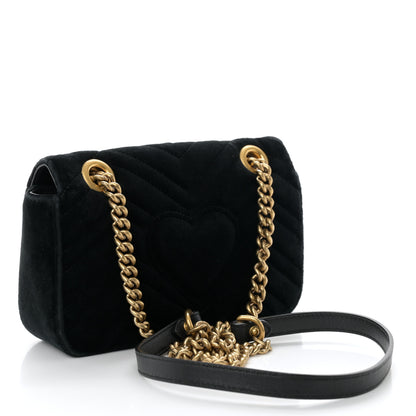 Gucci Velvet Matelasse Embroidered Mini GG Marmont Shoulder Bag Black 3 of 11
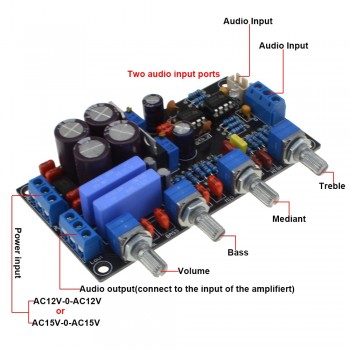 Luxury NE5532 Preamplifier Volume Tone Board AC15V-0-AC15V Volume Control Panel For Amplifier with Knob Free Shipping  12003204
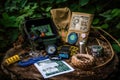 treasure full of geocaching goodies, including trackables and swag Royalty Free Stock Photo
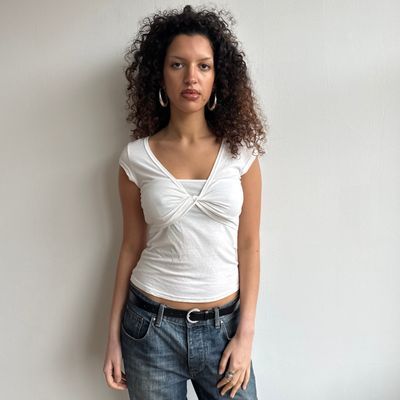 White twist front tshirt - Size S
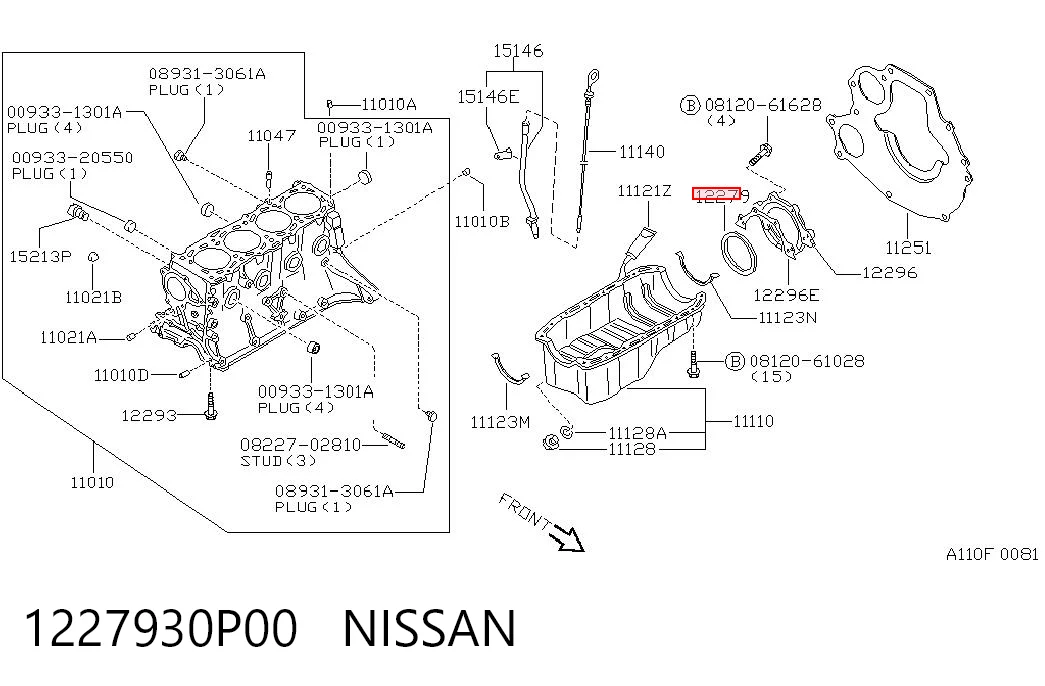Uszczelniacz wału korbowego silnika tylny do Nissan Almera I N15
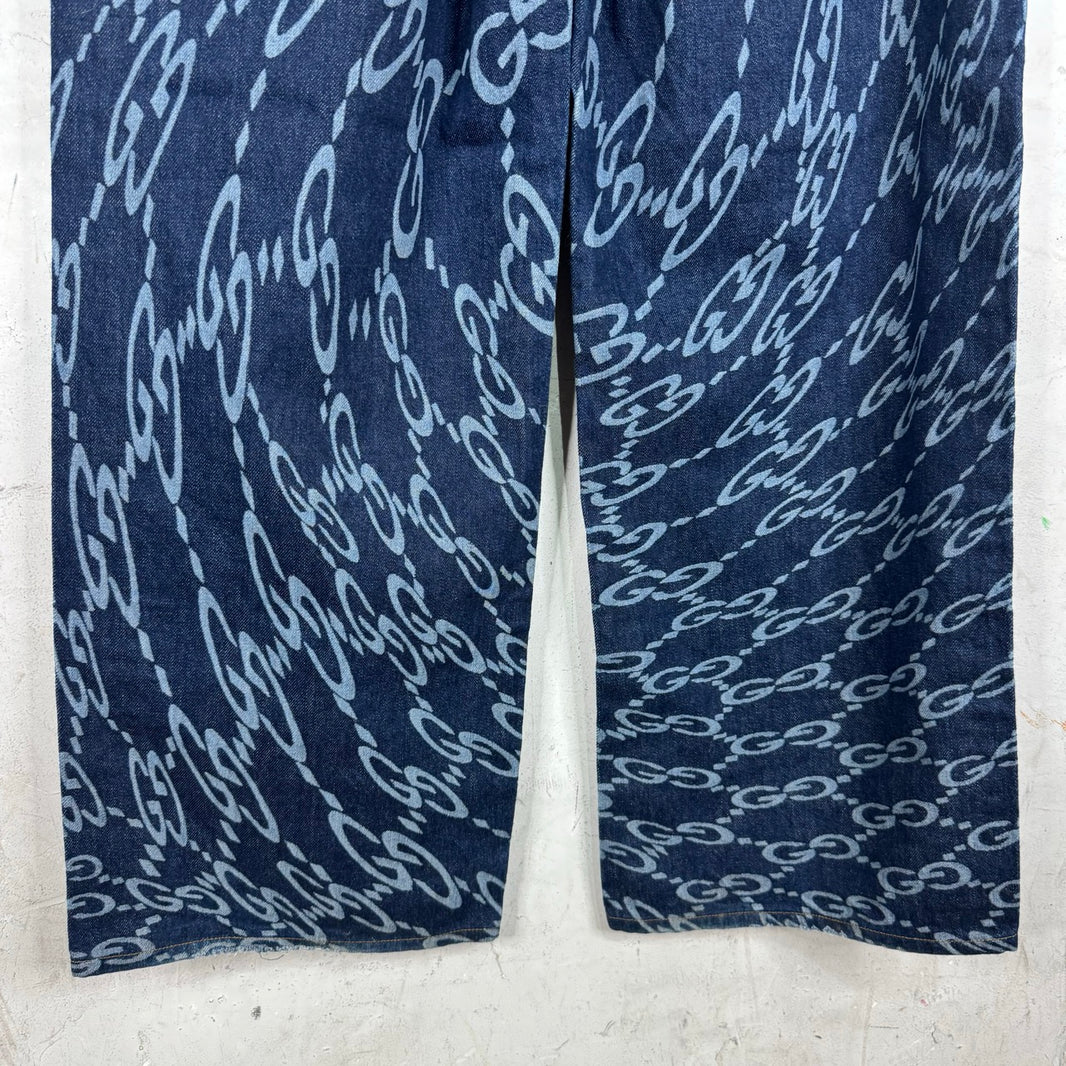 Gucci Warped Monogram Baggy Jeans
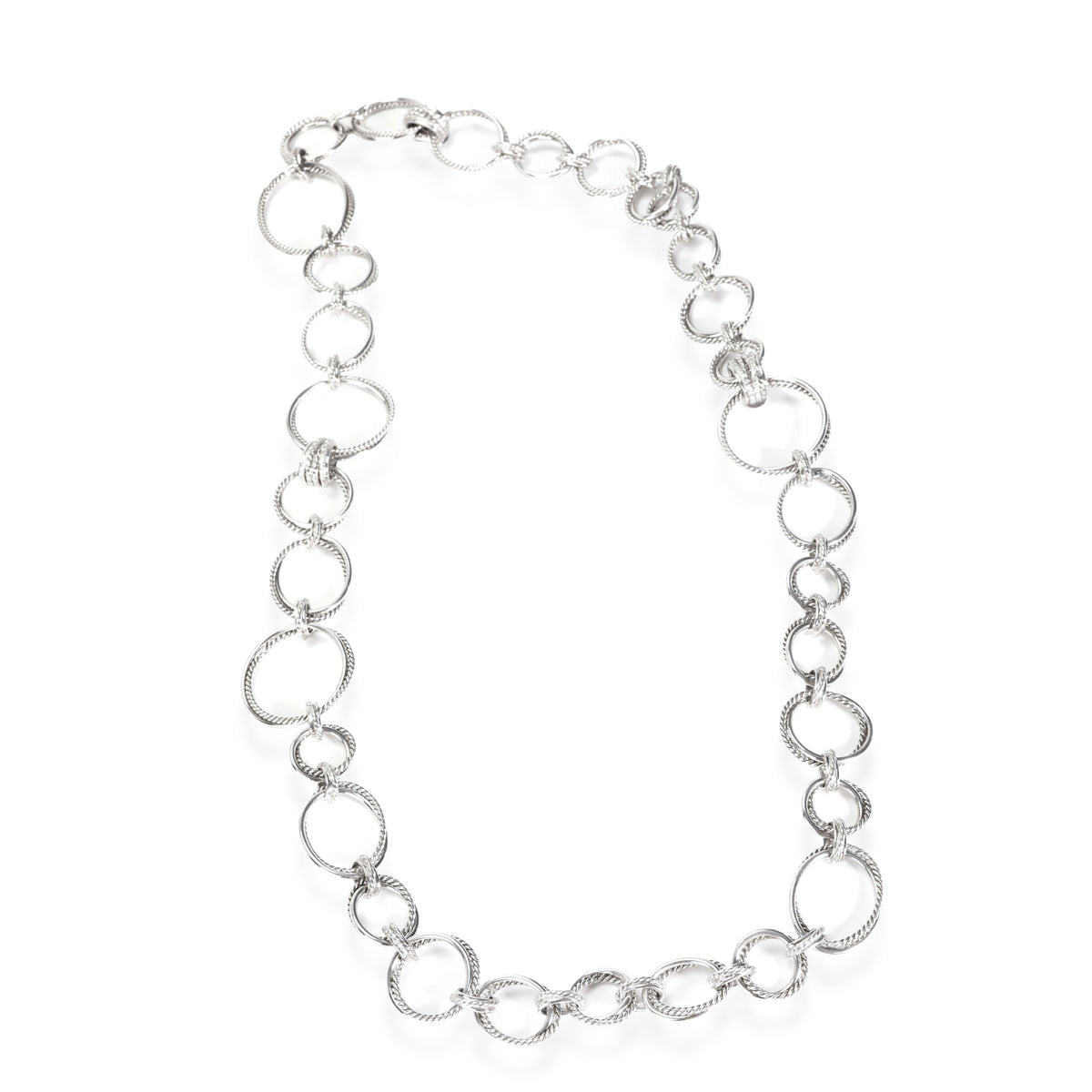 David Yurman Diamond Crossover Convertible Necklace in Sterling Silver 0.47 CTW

###

▶ _Problem details_
Pictures are not part of the copy. Please reproduce the material word for word.

▶ _Your solution_
 Gucci Velvet Matelasse Embroidered Mini GG Marmont Shoulder Bag Black 3 of 11
 Luxury NE5532 Preamplifier Volume Tone Board AC15V-0-AC15V Volume Control Panel For Amplifier with Knob Free Shipping  12003204
 treasure full of geocaching goodies, including trackables and swag Royalty Free Stock Photo
 White twist front tshirt - Size S
Uszczelniacz wału korbowego silnika tylny do Nissan Almera I N15
 Gucci Warped Monogram Baggy Jeans
 David Yurman Diamond Crossover Convertible Necklace in Sterling Silver 0.47 CTW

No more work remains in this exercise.